Hello Chris,
I would like to know how CBAC can be used to disable Java scripts. Can you
tell me I can have defense from such kind of vulnerabilities of Java
A Security Hole in Navigator 4.7 or earlier versions is found by West Coast
consultants.
A security hole discovered and delivered by a West Coast computer consultant
makes it possible to build a Web page that can turn a Netscape 4.7 or
earlier browser into a Web server, letting anyone browse and download files
on the system.
In tests of code downloaded from the Web site of Dan Brumleve, eWEEK Labs
was able to build a Web page that, when browsed using Communicator 4.7, gave
us access to defined directories on the system of the client browsing the
Web site. We simply accessed it through a browser by entering the IP address
of the client system. The exploit functions in much the same way as
file-sharing systems such as Napster.
The hole works by exploiting two Java classes (netscape.net.URLConnection
and netscape.net.URLinputStream) that are included in the Java
implementation used by Netscape browsers. By using a Java applet on the
site, the exploit is able to launch a local Java Web server within the
browser, which can then be accessed remotely. The server does not stop until
Netscape has been fully exited.
Who's vulnerable?
The exploit affects Netscape Communicator and Navigator Versions 4.7 and
earlier running on Windows systems and on Linux. Because it utilizes the
unique Java implementation in these browsers, the exploit doesn't affect
Internet Explorer or the Mozilla builds and the Netscape 6 pre-betas, which
use the standard Sun JVM. (See eWEEK Labs' review of Netscape 6 Preview
Release 2.)
To defend against this exploit, users can turn off Java within their
Netscape browser or use a browser that isn't affected by the problem.

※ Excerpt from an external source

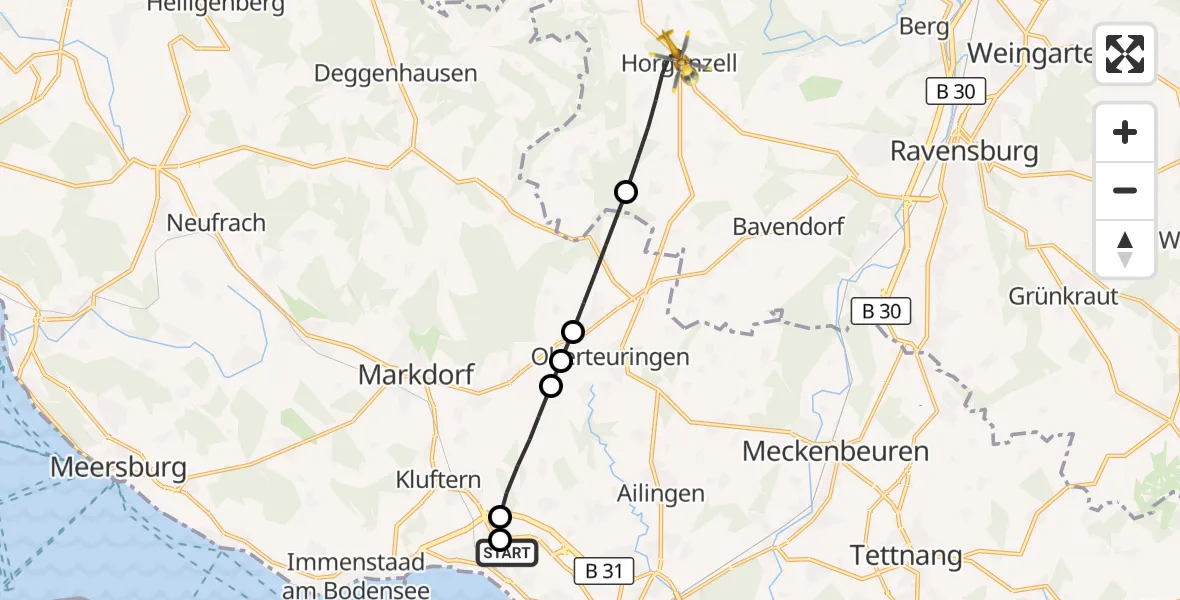 Flugroute Rettungshubschrauber Friedrichshafen Hospital - Horgenzell, 26 Mai 2026, 10:15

Companies with good firewalls should also be fairly well protected.
Although Netscape has yet to release a fix for the bug, the fact that it
uses two seldom-used Java classes should make a fix fairly simple. In our
tests, we also found that Netscape browsers using a proxy server seemed to
be immune to the exploit.
Users should keep in mind that, like often-discussed (but rarely seen)
hostile Java applets, this exploit must be deployed on a Web site to work
and cannot be distributed like a virus in the way that the popular hacker
ware Back Orifice can. And while the closely named Back Orifice provides
full control over attacked systems, the new Brown Orifice provides access
only to files.
-----Original Message-----
From: Chris Larson [SMTP:[EMAIL PROTECTED]]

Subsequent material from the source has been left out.